Supports: Concrete applied example of sandboxing untrusted document-processing code with gVisor. Directly analogous to the AI code-exec use case: in both cases, code of unknown provenance runs in the Sentry, not against the host kernel.
Does not prove: Use case is document conversion, not AI-generated code. The threat actor model differs (user-supplied documents vs. LLM-generated scripts).
gVisor Blog — "Multi-Agent gVisor Isolation (MAGI)"
Main body — "Limitations Acknowledged"
"gVisor is necessary, but not sufficient without proper policies governing when sandboxing is applied."
Supports: Direct published precedent for multi-agent gVisor isolation: separate gVisor sandboxes per agent, defense-in-depth across agent components, millisecond start time enabling per-invocation isolation. Confirms gVisor is production-viable for agentic workloads.
Does not prove: MAGI is a reference deployment, not a specification or standard. The "necessary but not sufficient" caveat is acknowledged — gVisor alone does not enforce policy about when sandboxing is applied.
gVisor Blog — "Scaling Agentic-RL Sandboxes to the Millions with gVisor at Tencent"
Abstract / opening section
"Today, we run millions of gVisor sandboxes daily for Agentic-RL training in production."
Supports: Production-scale evidence that gVisor is viable for agentic AI workloads at high volume. Directly supports the MDX claim that gVisor is "Tier 1 (production-canonical)" and the maturity tier reasoning.
Does not prove: Use case is reinforcement-learning training loops, not interactive tool-bus execution. Syscall profile may differ from production agent code-exec workloads.
Google Cloud — Cloud Run Container Contract
§Container Sandbox — "gVisor Implementation (First Generation)"

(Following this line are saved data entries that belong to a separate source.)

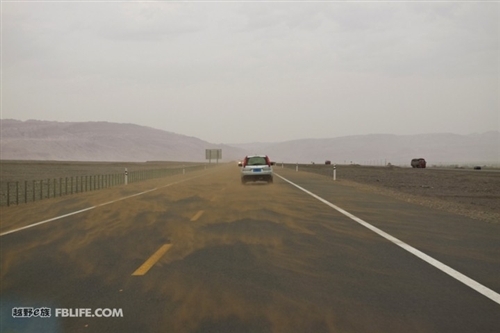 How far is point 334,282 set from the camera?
6566 millimetres

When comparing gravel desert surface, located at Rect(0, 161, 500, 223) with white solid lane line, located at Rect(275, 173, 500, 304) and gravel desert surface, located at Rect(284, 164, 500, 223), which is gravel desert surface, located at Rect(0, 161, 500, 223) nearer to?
gravel desert surface, located at Rect(284, 164, 500, 223)

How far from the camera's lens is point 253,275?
6.94 meters

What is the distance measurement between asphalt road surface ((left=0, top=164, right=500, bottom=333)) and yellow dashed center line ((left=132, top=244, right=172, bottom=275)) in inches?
0.7

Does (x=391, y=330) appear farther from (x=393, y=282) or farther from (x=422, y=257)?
(x=422, y=257)

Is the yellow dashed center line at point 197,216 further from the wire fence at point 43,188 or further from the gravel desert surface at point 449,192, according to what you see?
the wire fence at point 43,188

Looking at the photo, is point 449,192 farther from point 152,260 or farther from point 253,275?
point 253,275

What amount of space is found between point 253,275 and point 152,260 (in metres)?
1.98

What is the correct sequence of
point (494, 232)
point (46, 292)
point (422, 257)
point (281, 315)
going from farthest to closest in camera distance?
point (494, 232) < point (422, 257) < point (46, 292) < point (281, 315)

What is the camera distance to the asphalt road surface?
5.07m

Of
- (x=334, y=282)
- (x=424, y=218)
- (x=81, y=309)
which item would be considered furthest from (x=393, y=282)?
(x=424, y=218)

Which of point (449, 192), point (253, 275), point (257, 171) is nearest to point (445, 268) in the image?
point (253, 275)

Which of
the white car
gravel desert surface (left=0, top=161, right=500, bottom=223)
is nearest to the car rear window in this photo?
the white car

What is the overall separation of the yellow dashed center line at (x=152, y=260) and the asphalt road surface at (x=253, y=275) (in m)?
0.02

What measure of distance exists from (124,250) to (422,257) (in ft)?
17.3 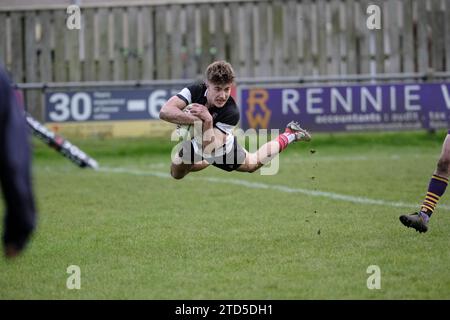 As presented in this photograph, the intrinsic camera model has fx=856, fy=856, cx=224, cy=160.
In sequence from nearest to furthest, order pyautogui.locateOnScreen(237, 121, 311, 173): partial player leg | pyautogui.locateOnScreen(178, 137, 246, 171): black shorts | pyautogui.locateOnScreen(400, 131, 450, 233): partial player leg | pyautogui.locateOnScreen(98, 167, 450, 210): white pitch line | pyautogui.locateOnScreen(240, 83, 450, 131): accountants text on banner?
pyautogui.locateOnScreen(400, 131, 450, 233): partial player leg < pyautogui.locateOnScreen(178, 137, 246, 171): black shorts < pyautogui.locateOnScreen(237, 121, 311, 173): partial player leg < pyautogui.locateOnScreen(98, 167, 450, 210): white pitch line < pyautogui.locateOnScreen(240, 83, 450, 131): accountants text on banner

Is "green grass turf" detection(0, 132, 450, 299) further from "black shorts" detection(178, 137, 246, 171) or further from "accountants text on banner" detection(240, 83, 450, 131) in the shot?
"accountants text on banner" detection(240, 83, 450, 131)

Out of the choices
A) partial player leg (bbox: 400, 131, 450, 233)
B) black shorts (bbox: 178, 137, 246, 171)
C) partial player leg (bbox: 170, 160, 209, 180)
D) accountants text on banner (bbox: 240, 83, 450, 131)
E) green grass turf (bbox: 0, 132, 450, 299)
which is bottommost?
green grass turf (bbox: 0, 132, 450, 299)

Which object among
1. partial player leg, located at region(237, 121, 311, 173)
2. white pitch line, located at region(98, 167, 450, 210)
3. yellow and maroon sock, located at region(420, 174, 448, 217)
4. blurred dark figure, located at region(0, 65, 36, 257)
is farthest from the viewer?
white pitch line, located at region(98, 167, 450, 210)

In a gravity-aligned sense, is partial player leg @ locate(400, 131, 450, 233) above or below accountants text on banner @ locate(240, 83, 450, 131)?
below

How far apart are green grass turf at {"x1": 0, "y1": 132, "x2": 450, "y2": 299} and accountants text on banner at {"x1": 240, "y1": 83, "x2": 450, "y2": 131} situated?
215 centimetres

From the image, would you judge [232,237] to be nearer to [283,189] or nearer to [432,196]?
[432,196]

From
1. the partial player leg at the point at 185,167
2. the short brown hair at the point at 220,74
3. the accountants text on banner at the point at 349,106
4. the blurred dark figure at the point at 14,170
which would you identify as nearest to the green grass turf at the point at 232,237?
the partial player leg at the point at 185,167

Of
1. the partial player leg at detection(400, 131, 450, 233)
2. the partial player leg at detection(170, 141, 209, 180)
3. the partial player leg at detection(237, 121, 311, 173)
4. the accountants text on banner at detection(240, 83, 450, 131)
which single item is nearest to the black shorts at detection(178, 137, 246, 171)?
the partial player leg at detection(170, 141, 209, 180)

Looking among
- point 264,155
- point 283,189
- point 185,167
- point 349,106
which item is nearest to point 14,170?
point 185,167

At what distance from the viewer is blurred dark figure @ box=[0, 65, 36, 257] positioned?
3785mm

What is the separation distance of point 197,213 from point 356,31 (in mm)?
9970

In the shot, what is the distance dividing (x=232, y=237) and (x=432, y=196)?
2037 millimetres

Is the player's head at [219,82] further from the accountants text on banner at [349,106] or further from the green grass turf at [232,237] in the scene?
the accountants text on banner at [349,106] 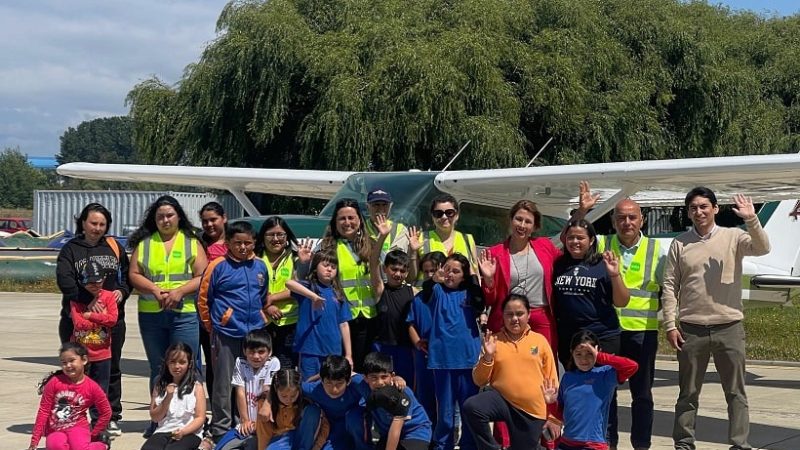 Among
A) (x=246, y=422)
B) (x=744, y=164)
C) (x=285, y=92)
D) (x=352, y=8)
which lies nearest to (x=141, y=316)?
(x=246, y=422)

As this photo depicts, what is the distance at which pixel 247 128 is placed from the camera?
23.5 m

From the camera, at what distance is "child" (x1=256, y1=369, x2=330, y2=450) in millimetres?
5984

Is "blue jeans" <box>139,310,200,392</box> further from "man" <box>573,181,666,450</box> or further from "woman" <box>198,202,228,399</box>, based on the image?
"man" <box>573,181,666,450</box>

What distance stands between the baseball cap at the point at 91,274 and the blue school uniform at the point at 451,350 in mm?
2374

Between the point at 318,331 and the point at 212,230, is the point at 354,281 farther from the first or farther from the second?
the point at 212,230

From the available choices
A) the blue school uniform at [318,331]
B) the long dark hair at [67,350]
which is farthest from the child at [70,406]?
the blue school uniform at [318,331]

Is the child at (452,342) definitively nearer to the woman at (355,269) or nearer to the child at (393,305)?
the child at (393,305)

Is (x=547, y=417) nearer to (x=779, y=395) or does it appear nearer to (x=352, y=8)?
(x=779, y=395)

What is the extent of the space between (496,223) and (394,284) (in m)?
3.00

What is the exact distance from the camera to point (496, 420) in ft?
19.8

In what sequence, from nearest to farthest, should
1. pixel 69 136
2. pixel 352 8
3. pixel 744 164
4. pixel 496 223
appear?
pixel 744 164 → pixel 496 223 → pixel 352 8 → pixel 69 136

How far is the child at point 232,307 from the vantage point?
22.0ft

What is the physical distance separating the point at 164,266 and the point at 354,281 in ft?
4.68

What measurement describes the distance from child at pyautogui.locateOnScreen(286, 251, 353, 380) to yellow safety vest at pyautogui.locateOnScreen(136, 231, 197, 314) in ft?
3.30
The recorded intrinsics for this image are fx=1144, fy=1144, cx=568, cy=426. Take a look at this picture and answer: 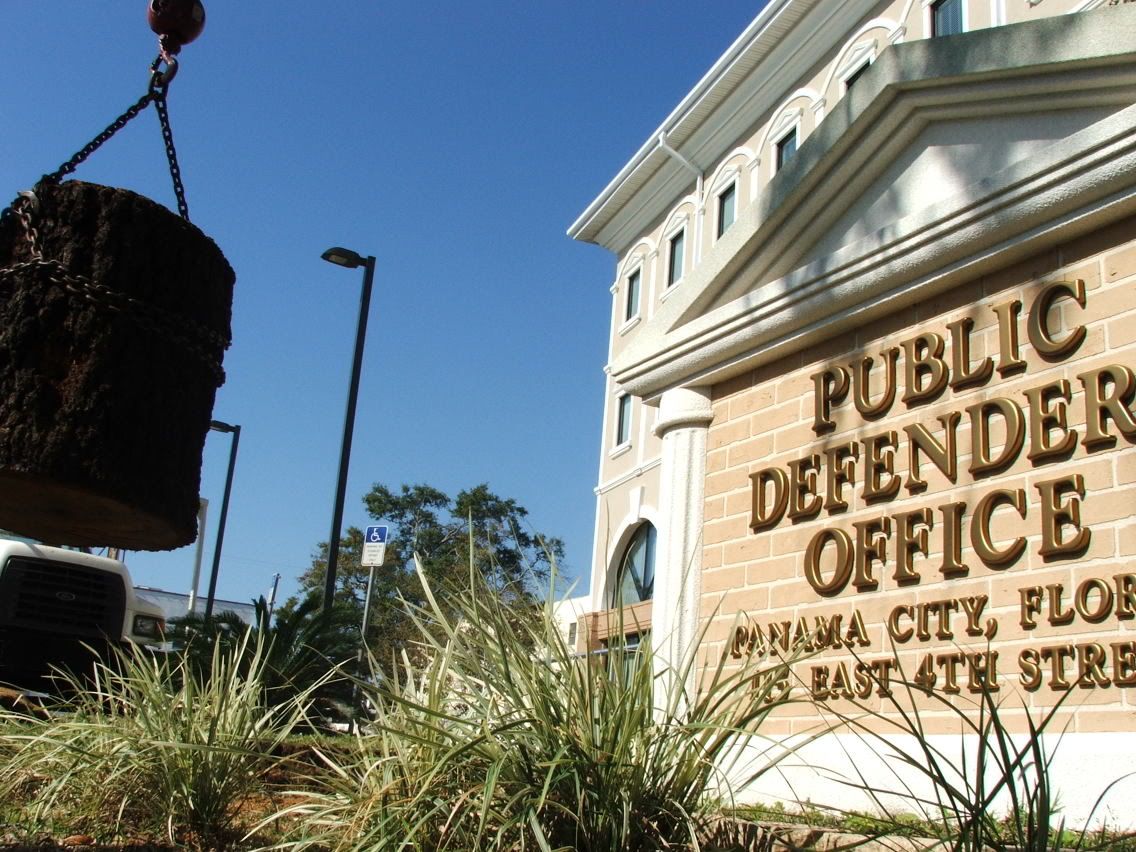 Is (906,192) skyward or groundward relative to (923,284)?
skyward

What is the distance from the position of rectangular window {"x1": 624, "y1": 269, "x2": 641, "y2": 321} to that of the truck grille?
21002 mm

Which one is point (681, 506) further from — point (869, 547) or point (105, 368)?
point (105, 368)

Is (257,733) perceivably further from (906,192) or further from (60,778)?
(906,192)

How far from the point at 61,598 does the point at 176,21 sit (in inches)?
336

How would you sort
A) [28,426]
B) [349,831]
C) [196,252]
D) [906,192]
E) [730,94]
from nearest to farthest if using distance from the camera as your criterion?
[28,426] < [349,831] < [196,252] < [906,192] < [730,94]

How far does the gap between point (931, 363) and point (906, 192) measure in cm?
92

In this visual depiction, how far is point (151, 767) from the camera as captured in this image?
4.64 metres

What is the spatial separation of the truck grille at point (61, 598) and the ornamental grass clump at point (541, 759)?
8.10 meters

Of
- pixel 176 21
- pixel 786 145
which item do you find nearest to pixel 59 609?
pixel 176 21

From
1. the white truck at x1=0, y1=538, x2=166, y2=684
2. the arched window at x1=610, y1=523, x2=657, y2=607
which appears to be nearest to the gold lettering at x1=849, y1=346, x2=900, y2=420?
the white truck at x1=0, y1=538, x2=166, y2=684

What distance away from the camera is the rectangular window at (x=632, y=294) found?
31391 mm

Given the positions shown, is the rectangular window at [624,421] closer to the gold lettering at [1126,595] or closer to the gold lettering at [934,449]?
the gold lettering at [934,449]

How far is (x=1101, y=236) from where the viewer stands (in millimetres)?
4613

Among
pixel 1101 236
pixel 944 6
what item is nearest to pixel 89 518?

"If you use the first generation execution environment, the Cloud Run containers are sandboxed using the gVisor container runtime sandbox."
Supports: Confirms gVisor is the default sandbox for Cloud Run Gen1, substantiating the MDX independentEvidence claim about Google Cloud production deployment. Cross-validates the MDX text "Default sandbox for Google App Engine, Cloud Run, and Cloud Functions."
Does not prove: Cloud Run Gen2 uses full Linux compatibility without gVisor — the gen1/gen2 split is material context the MDX does not surface.
OWASP Agentic AI — Threats & Mitigations v1.1
§T11 Unexpected RCE and Code Attacks — Description and Mitigation
"Unexpected RCE and Code Attacks occur when attackers exploit AI-generated code execution in agentic applications, leading to unsafe code generation, privilege escalation, or direct system compromise. … Restrict AI code generation permissions, sandbox execution, and monitor AI-generated scripts."
Supports: Canonical OWASP definition of T11. Verbatim "sandbox execution" is the upstream mitigation text that this control implements. Establishes that sandboxing AI-generated code execution is a recognised OWASP countermeasure.
Does not prove: Does not name gVisor or any specific sandbox technology. "Sandbox execution" in the OWASP text is a category of control, not a prescriptive implementation choice.